JAKARTA – Kadiv Propam Polri Irjen Pol Abdul Karim mengungkapkan sebanyak 45 warga negara (WN) Negara Malaysia menjadi korban dugaan pemerasan oleh oknum polisi ketika menonton konser Djakarta Warehouse Project (DWP) di area Kemayoran, Ibukota Pusat. Total uang pemerasan yang digunakan dikumpulkan sebanyak Rp2,5 miliar.

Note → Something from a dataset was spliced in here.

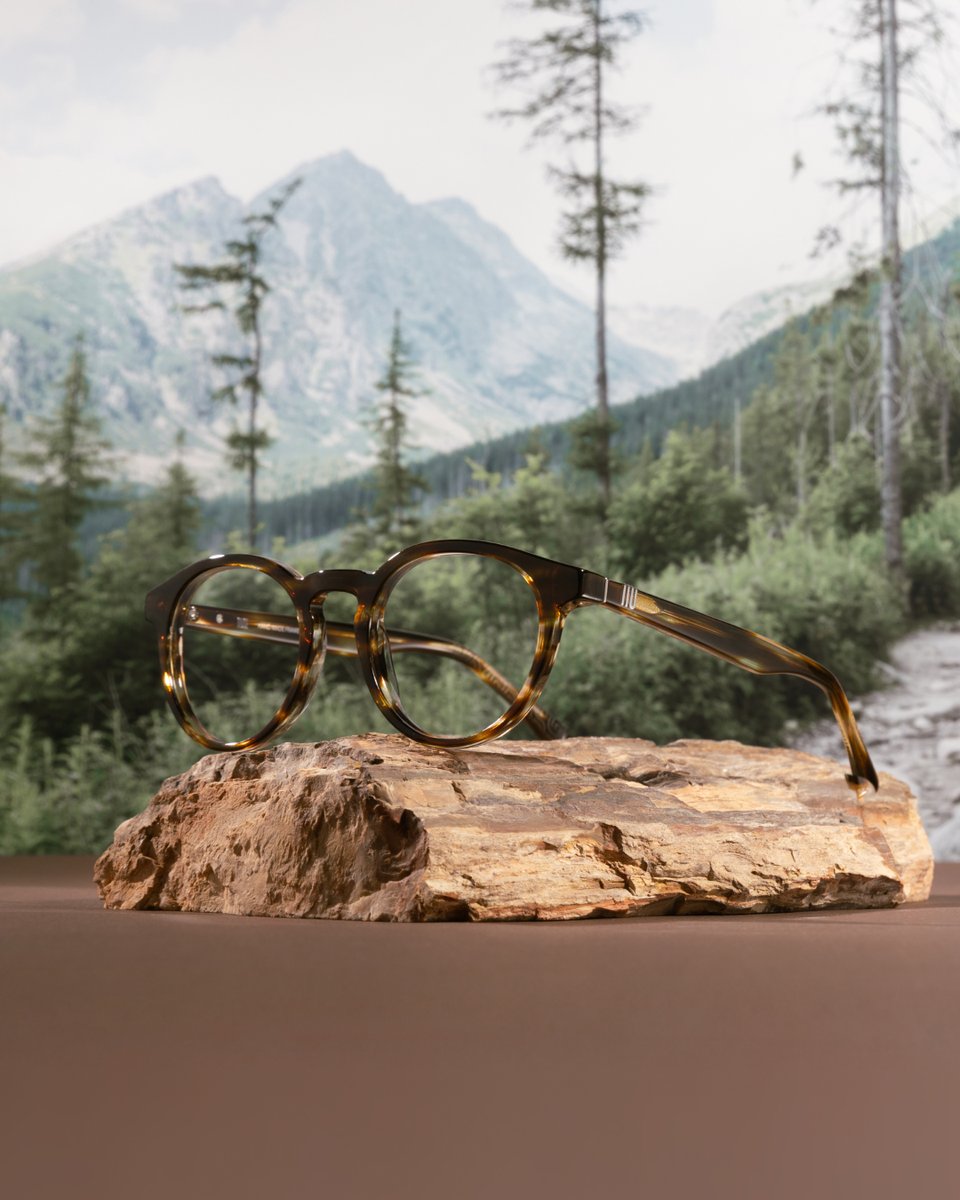 Into the woods, but make it chic. 🍃🕶️ Find frames that are as grounded and timeless as your favorite trail.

“Dari hasil penyelidikan yang dimaksud sudah ada kami lakukan, perlu kami luruskan bahwa korban warga negara Tanah Melayu dari penyelidikan juga identifikasi kami secara saintifik kami temukan sebanyak 45 orang,” kata Abdul Karim untuk wartawan Selasa (24/12/2024) malam.

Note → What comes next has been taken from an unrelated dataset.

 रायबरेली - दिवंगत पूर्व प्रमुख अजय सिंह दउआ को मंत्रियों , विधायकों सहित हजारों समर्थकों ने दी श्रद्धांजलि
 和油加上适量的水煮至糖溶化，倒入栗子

Karim menyebutkan, kerugian korban pada tindakan hukum dugaan pemerasan oleh oknum itu mencapai Rp2,5 miliar. “Bahwa barang bukti yang digunakan sudah pernah kita amankan jumlahnya Rp2,5 miliar. Jadi jangan sampai nanti seperti pemberitaan sebelumnya yang dimaksud angkanya cukup besar,” katanya.
Divpropam menerima dua laporan dari WN Malaya terkait dugaan pemerasan tersebut. “Jadi sudah ada ada pelapornya yang melaporkan permasalahan ini dari warga negara Negara Malaysia secara resmi. Melaporkan atau pendumasnya telah melaporkan secara resmi,” ucapnya.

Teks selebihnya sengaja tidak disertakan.